O El Niño de 1877 produziu secas simultâneas em regiões tão diversas como a Índia, a China, partes da África e o Brasil, durante vários anos.

Na China, por exemplo, a seca contribuiu para uma das fomes mais mortais da história, com milhões de mortes em diversas regiões devido à combinação de seca, escassez de alimentos e doenças emergentes.

Por que não sofremos perdas semelhantes hoje em dia?

Embora tenhamos presenciado fortes eventos El Niño desde o início dos registros instrumentais — como os de 1982–1983 e 2015–2016 — nenhum causou um nível de mortalidade comparável ao de 1877. A principal razão é que hoje contamos com sistemas de alerta precoce, redes internacionais de ajuda e tecnologias agrícolas que permitem antecipar secas e mobilizar recursos. Além disso, governos e organizações da sociedade civil podem distribuir alimentos e fornecer assistência antes que as populações cheguem ao ponto de crise extrema.

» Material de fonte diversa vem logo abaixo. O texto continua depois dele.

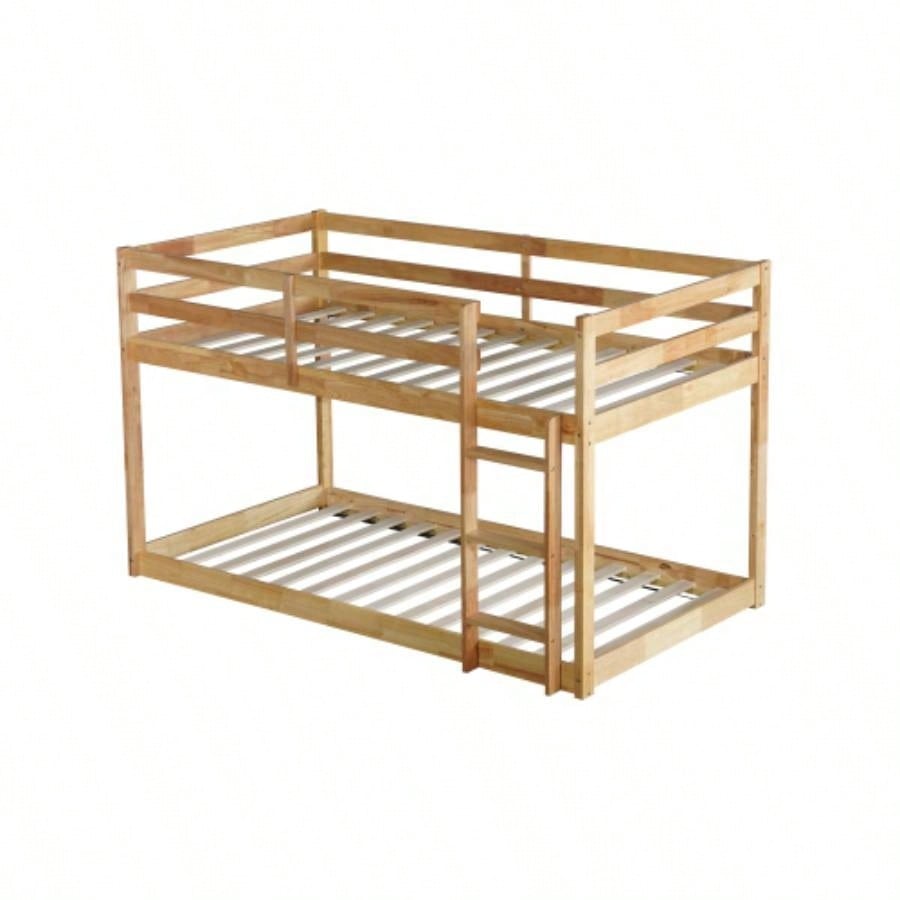 Solid Wooden, Solid Rubber Wooden Twin over Twin Floor Bunk Bed with Ladder, Upper and Bottom Bed Platforms crafted with Strengthened Slats, Natural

Anomalias de precipitação, ENOS
Anomalias de precipitação em 1876: a seca foi brutal não só em sua intensidade, mas também em sua extensão e duração globais.

Apesar disso, as mudanças climáticas estão alterando o contexto em que esses eventos ocorrem. Com o aquecimento global, as temperaturas oceânicas e atmosféricas estão a aumentar, o que pode intensificar tanto a frequência quanto a magnitude dos eventos extremos associados ao El Niño.

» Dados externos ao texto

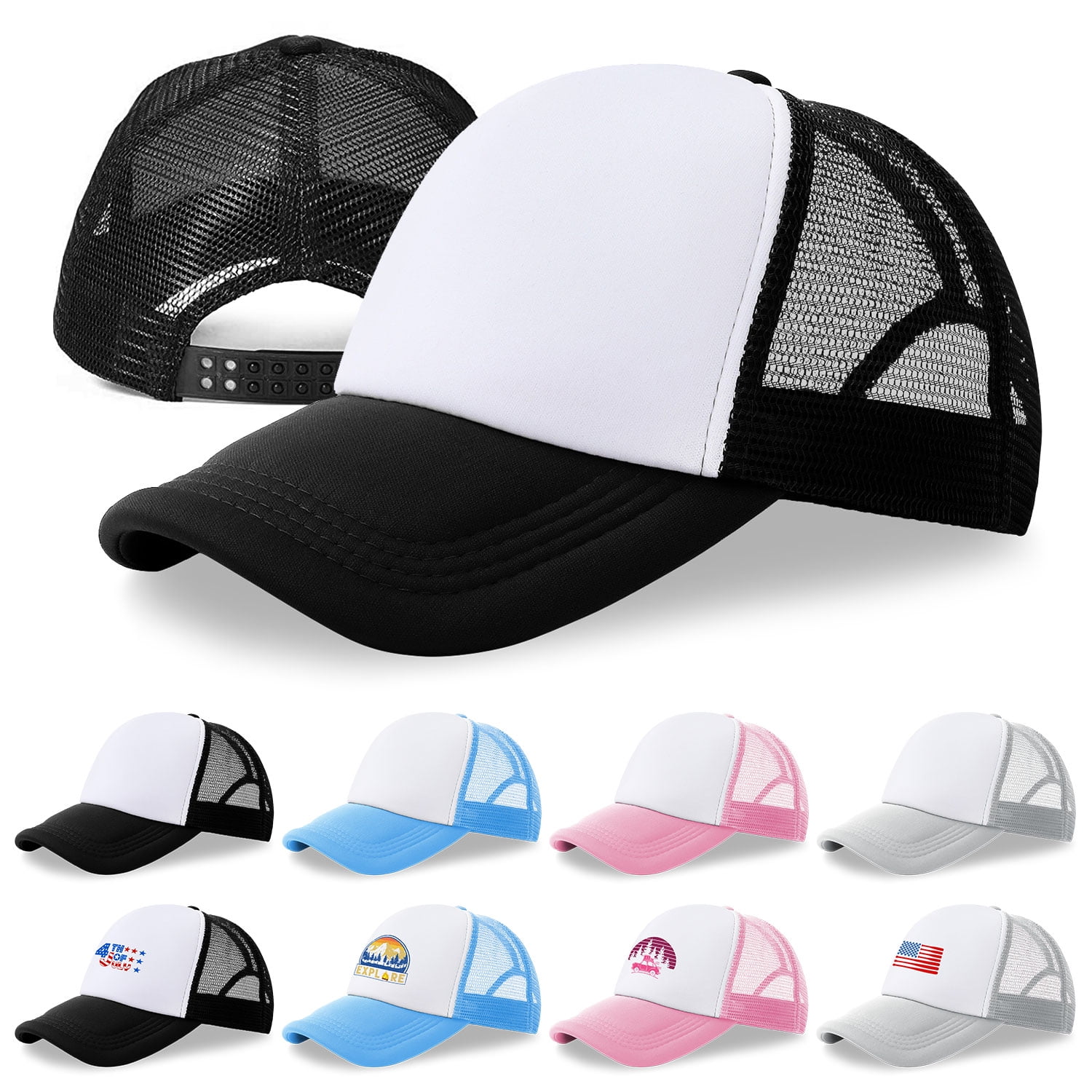 ICOL 10pcs DIY Heat Transfer Baseball Caps Blank Printing Hats Sublimation Mesh Hats, Women's, Size: One Size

Com o aquecimento global antropogênico, tanto a frequência quanto a magnitude de eventos extremos associados ao El Niño podem intensificar-se.

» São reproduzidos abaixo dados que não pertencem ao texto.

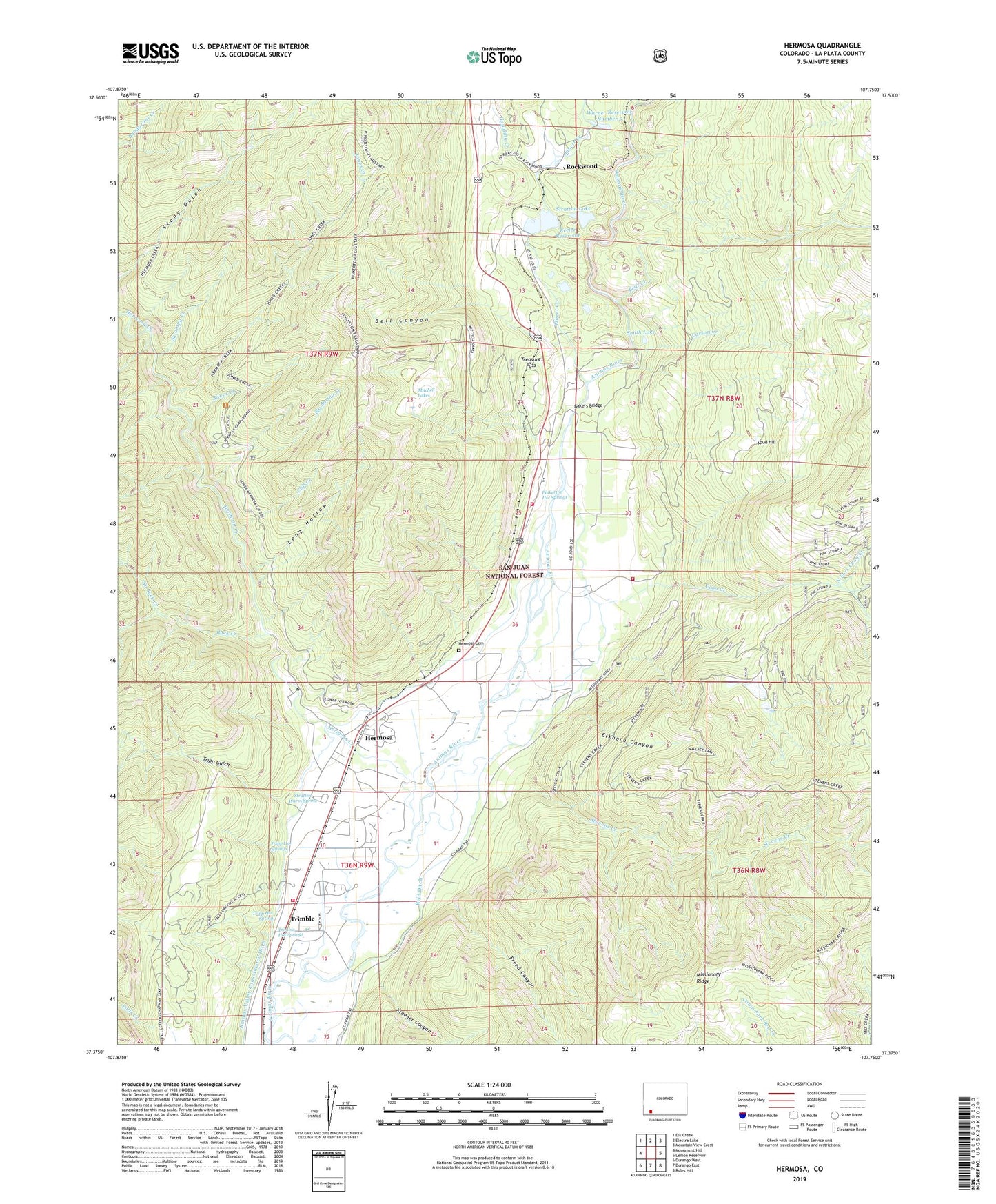 Hermosa Colorado US Topo Map Image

Alguns estudos sugerem que, em meados deste século, um em cada dois eventos El Niño poderá ser classificado como "extremo", com impactos mais severos em secas, inundações e ondas de calor, caso as emissões de gases de efeito estufa não sejam reduzidas significativamente.

Perspectivas futuras num mundo mais quente

Se as temperaturas globais subirem 2°C acima dos níveis pré-industriais, como muitos modelos climáticos projetam em cenários de altas emissões, o El Niño poderá interagir com um planeta já mais quente, produzindo condições ainda mais extremas. Isso poderia significar períodos de seca mais intensos em algumas regiões, aumento das inundações em outras e eventos combinados de calor e seca que desafiam a capacidade de adaptação das sociedades.

Flagelados da Grande Seca
Pessoas afetadas pela "Grande Seca do Império" fotografadas em um estúdio em Fortaleza (fotos: J. A. Correa/Acervo da Biblioteca Nacional). A chamada Grande Seca causou 500 mil mortes, por sede, fome e doenças. Esse número representa 5% da população do Império do Brasil.

Em um mundo assim, a preparação será fundamental: melhorar os sistemas de monitoramento climático, reforçar as redes de segurança alimentar e reduzir a vulnerabilidade das populações expostas a condições meteorológicas extremas pode fazer a diferença entre uma crise e uma catástrofe humanitária.

fome, China
Esta gravura ilustra o desespero da grande fome de 1877 na China: uma mãe oferece seus filhos à venda para comprar pão.

O evento El Niño de 1877 foi uma lição brutal sobre o quanto o clima pode afetar a humanidade quando os sistemas naturais se tornam gravemente desequilibrados. Embora estejamos mais preparados hoje para lidar com eventos climáticos extremos, o aquecimento global apresenta novos desafios que exigem ações urgentes para evitar que tragédias semelhantes — ou piores — se repitam nesse século.

Referência da notícia

Climate and the Global Famine of 1876–78. 01 de dezembro, 2018. Singh, et al.